特集インタビュー

体に優しい心臓手術の3つの疑問

体に優しい心臓手術の3つの疑問

MICS心臓センター長(心臓主任) 山口 聖次郎(やまぐち しょうじろう)

【 経歴 】
金沢大学 心肺・総合外科
ドイツ クリニクムオルデンブルグ 留学 (心臓科専門医)
トルコ ギュベン病院

【 資格 】
日本心臓血管外科 専門医・修練指導医
日本外科学会 専門医・指導医
日本循環器学会 専門医
日本胸部外科学会 認定医

MICSとは?
MICS/低侵襲心臓手術とは、どのような手術なのですか?

切らなくてもいいところは切らずに行う手術、すなわち従来の手術に比べ体に優しい手術です。

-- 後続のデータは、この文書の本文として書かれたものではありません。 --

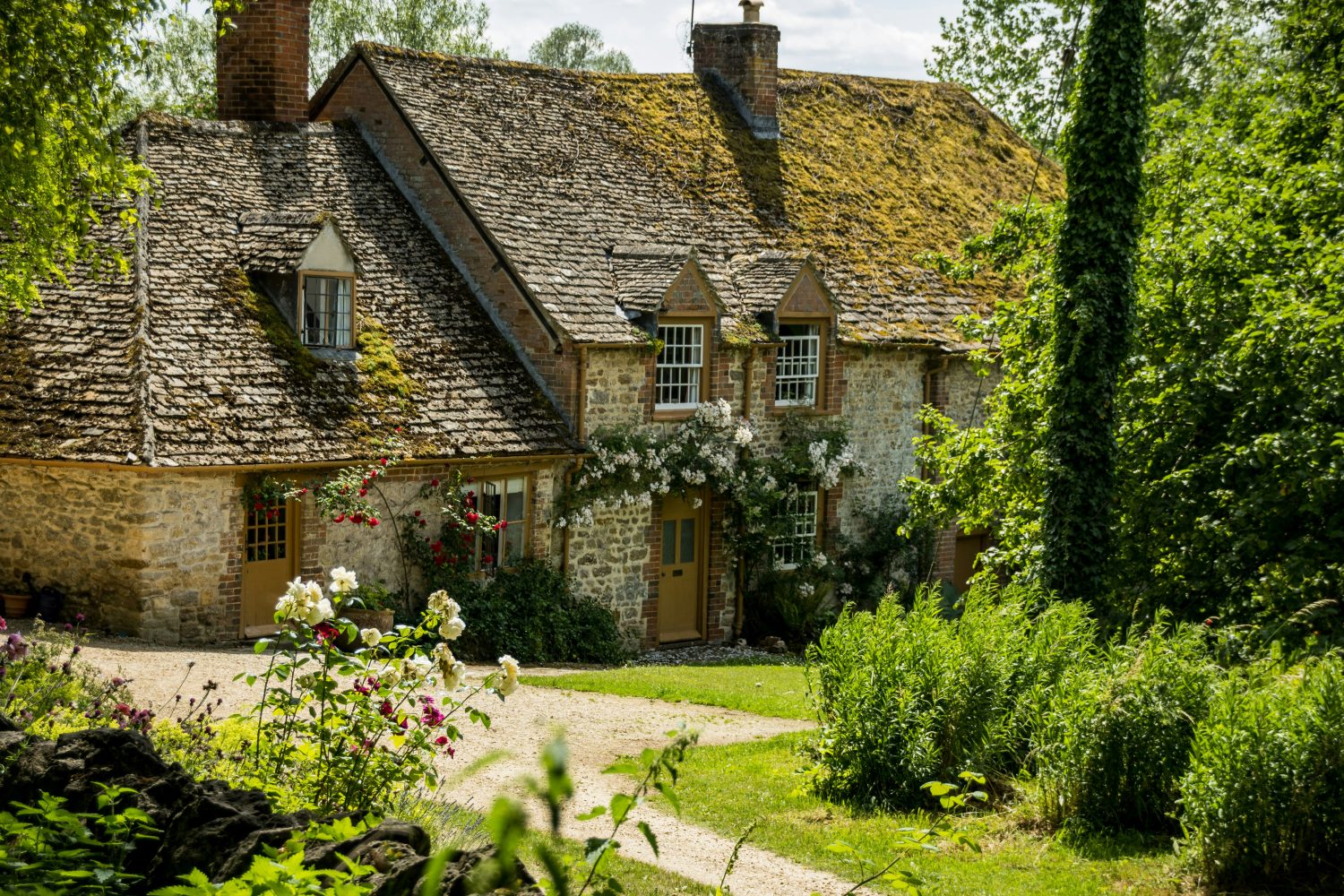 Tom Hayman-Joyce shares local insight on the Cotswolds property market following The Economist feature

大きな特長は、肉は切るけど骨は切らないという点です。従来の標準的な心臓手術は体の真ん中(胸)を25センチほど切り、体の屋台骨である胸骨を切り分けて行っていましたが、MICSは胸骨を切らず肋骨の間から手術をしますので、比較的出血や痛みが少なく、傷も小さくて済みます。言い換えれば、“体にかかる負担を少なくし、回復を早める心臓手術”ですね。

MICSの対象疾患は?
どのような心臓の病気がMICSの対象になるのですか?

山口医師 「狭心症」や「心筋梗塞」、症例として多いのは「僧帽弁膜症」です。ここ数年は「大動脈弁膜症」の手術も行われるようになってきました。あとは「心房中隔欠損症」「心臓腫瘍」も適応できるかと思います。幅広い心臓手術をカバーできます。

MICSによって、手術をあきらめていた人も助けられるようになった…という例もあるのですか?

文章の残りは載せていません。